Instructions for the task >> The answer is an exact repeat of the entries below, with the pictures omitted.

The data >>
::::::::::
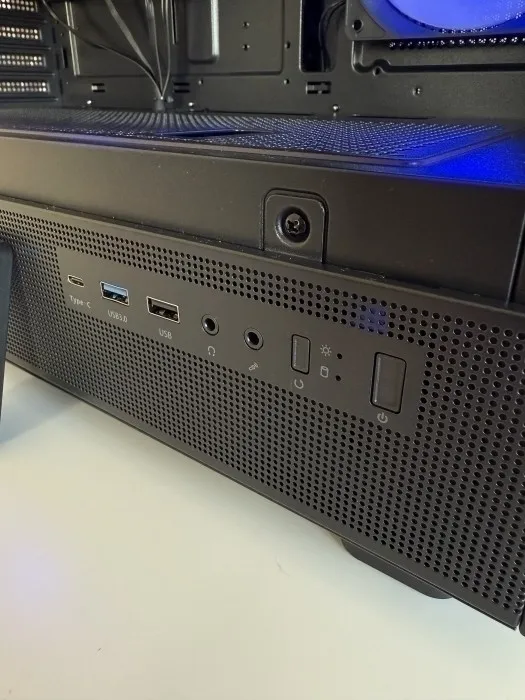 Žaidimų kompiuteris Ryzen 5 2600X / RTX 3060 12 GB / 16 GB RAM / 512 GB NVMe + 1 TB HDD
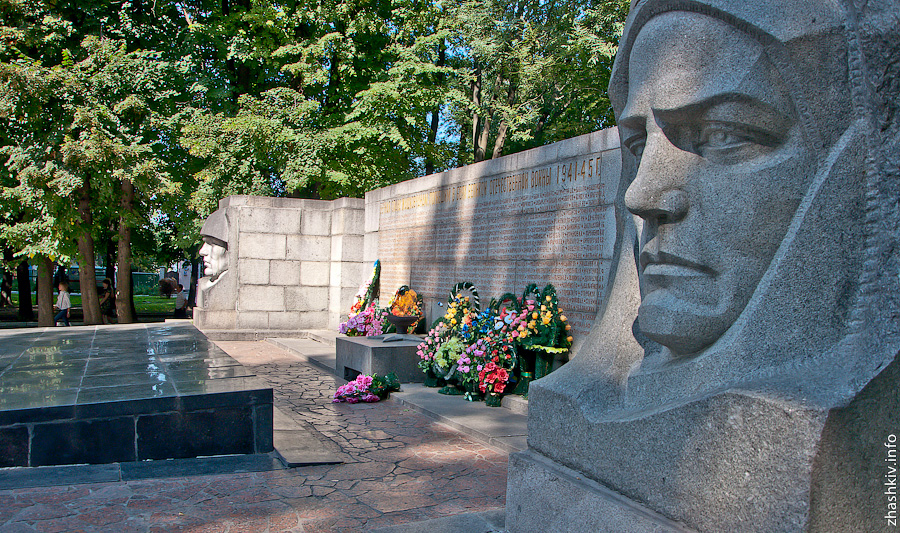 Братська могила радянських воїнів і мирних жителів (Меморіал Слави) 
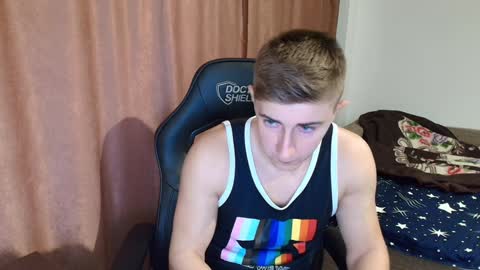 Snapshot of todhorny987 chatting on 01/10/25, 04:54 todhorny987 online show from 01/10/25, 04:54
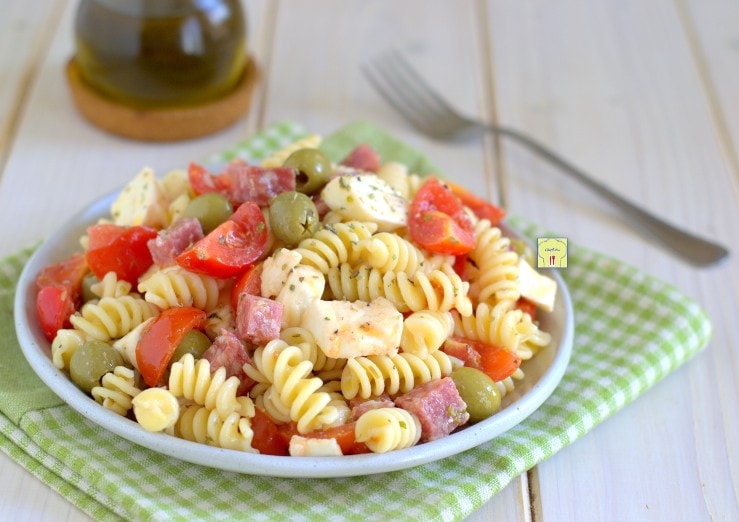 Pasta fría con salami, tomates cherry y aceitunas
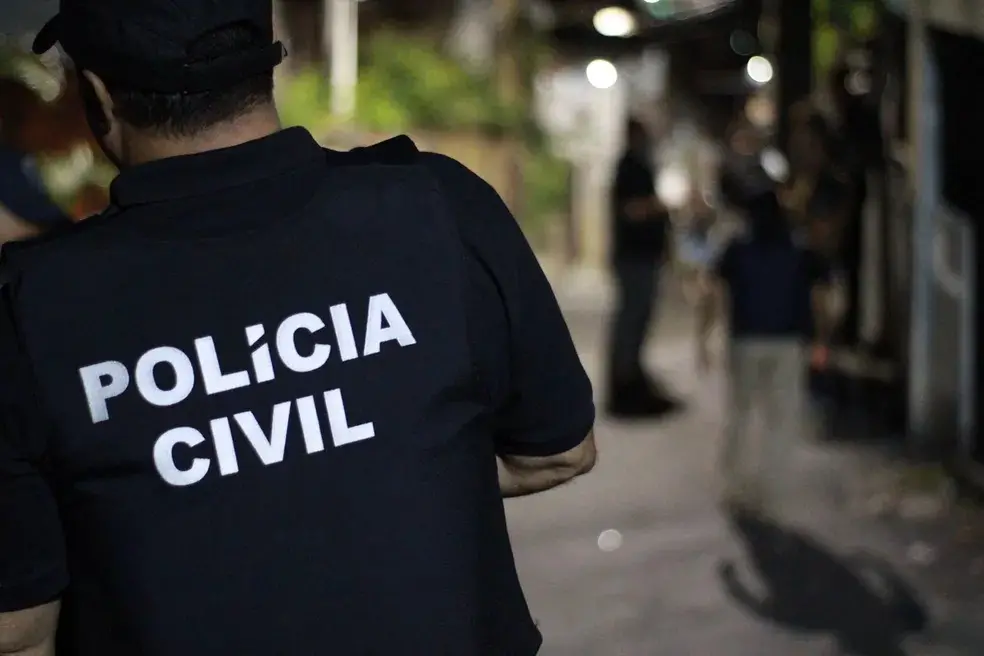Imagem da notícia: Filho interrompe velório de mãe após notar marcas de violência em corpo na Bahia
::::::::::
Reply >>
 Žaidimų kompiuteris Ryzen 5 2600X / RTX 3060 12 GB / 16 GB RAM / 512 GB NVMe + 1 TB HDD
 Братська могила радянських воїнів і мирних жителів (Меморіал Слави) 
 Snapshot of todhorny987 chatting on 01/10/25, 04:54 todhorny987 online show from 01/10/25, 04:54
 Pasta fría con salami, tomates cherry y aceitunas
Imagem da notícia: Filho interrompe velório de mãe após notar marcas de violência em corpo na Bahia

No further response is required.